One of Ward's first slides was The Big Slide, the take-home point of his talk. He characterized his way of working as:

Ward's big slide: familiar + simplicity -> something new

Immerse yourself in a pool of ideas. Come to know them. Make them your own. Then look for some humble idea lying around, something that we all understand or might. Play with this idea to see whether it gives rise to something unexpected, some new ability that changes how we see or work with the pool of familiar ideas you are swimming in.

I have experienced the dangers inherent in looking for a breakthrough idea in the usual ways. When we look for Big Ideas, too often we look for Big Ideas. But they are hard to find. Maybe we can't recognize them from our current vantage point; maybe they are out of scale with the ideas we have right now.

Ward pointed out another danger: Too often, we look for complete ideas when a simple but incomplete idea will be useful enough. (Sounds like You Aren't Gonna Need It!)

Sometimes, we reach a useful destination by ignoring things we aren't supposed to ignore.
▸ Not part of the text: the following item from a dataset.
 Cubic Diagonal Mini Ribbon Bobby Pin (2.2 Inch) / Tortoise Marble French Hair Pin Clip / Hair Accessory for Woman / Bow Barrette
Don't worry about all the things you are supposed to do, like taking your idea through to its logical conclusion right away, or polishing it up so that everyone can see how smart you are. Keep the ideas simple, and develop just what you need to move forward.
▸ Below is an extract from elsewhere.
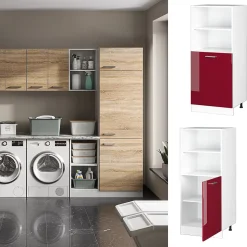 Vicco Armoire universelle Rouge bordeaux Haute brillance 60cm avec étagères ouvertes, et porte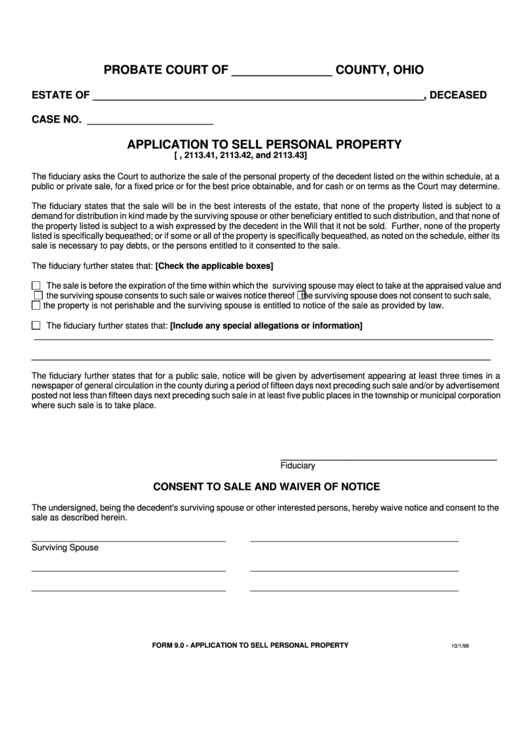 Fillable Form 9.0 Application To Sell Personal Property printable pdf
Ward pointed out that one thing we educators do is the antithesis of his approach: the project due date. It forces students to "get done", to polish up the "final version", and to miss opportunities to explore. This is one of the good things behind longer-term projects and undergraduate research -- they allow students more time to explore before packaging everything up in a neat little box.
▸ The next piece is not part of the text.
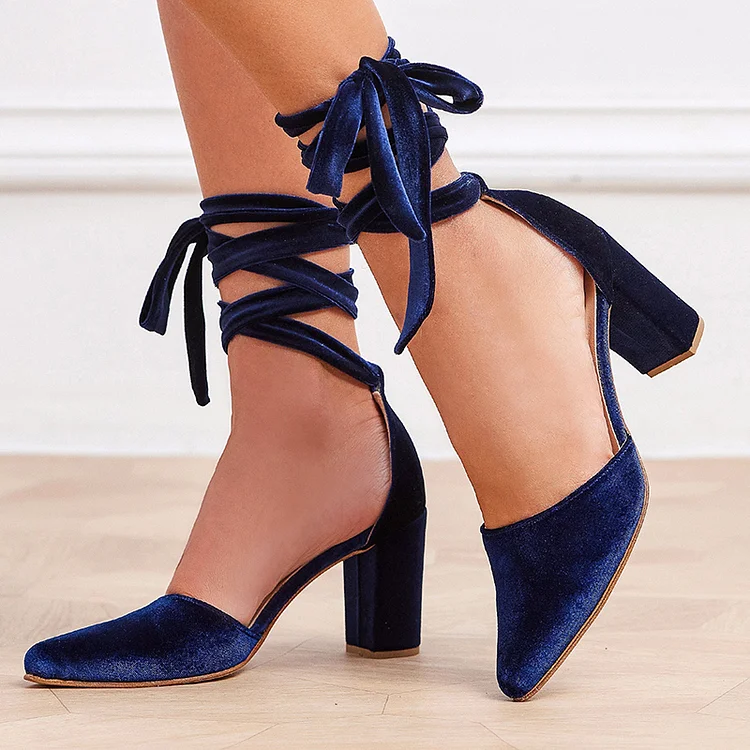 Blue on sale wrap heels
How can we honor the simple in what we do? How can we develop patience? How can we develop the ability to recognize the simple idea that offers more?

Ward mentioned Kary Mullis's Dancing Naked in the Mind Field as a nice description of the mindset that he tries to cultivate. (You may recall my discussion of Mullis's book last year.) Mullis was passionate, and he had an immediate drive to solve a problem that no one thought mattered much. When he showed his idea to his colleagues, they all said, "Yeah, that'd work, but so what?". So Mullis gave in to the prevailing view and put his idea on the shelf for a few months. But he couldn't shake the thought that his simple little not-much of an idea could lead to big things, and eventually he returned to the idea and tinkered a little more... and won a Nobel Prize.

Extreme Programming grew out of the humble practices of programmers who were trying to learn how to work in the brave new image of Smalltalk. Ward is happy that P creates a work environment that is safe for the kind of exploration he advocates. You explore. When you learn something, you refactor. XP says to do the simplest thing that could possibly work, because you aren't gonna need it.

Many people have misunderstood this advice to mean do something simplistic, something stupid. But it really means that you don't have to wait until you understand everything before you do anything. You can do useful work by taking small steps. These principles encourage programmers to seriously consider just what is the simplest thing that could possibly work. If you don't understand everything about your domain and your task, at least you can do this simplest thing now, to move forward. When you learn more later, you won't have over-invested in ideas you have to undo. But you will have been making progress in the meantime.

(I don't think that Ward actually said all of these words. They are my reconstruction of what he taught me during his talk. If I have misrepresented his ideas in any way, the fault is mine.)

Ward recalled first getting Smalltalk, which he viewed as a "sketchpad for the thinking person to write spike solutions". Have an idea? Try to program it! Everything you need or could want to change is there before you, written in the same language you are using. He and Kent realized that they now had a powerful machine and that they should "program in a powerful way". Whenever in the midst of programming they slowed down, he would ask Kent, "What is the simplest thing that could possibly work?", and they would do that. It got them over the hump, let them regain their power and keep on learning.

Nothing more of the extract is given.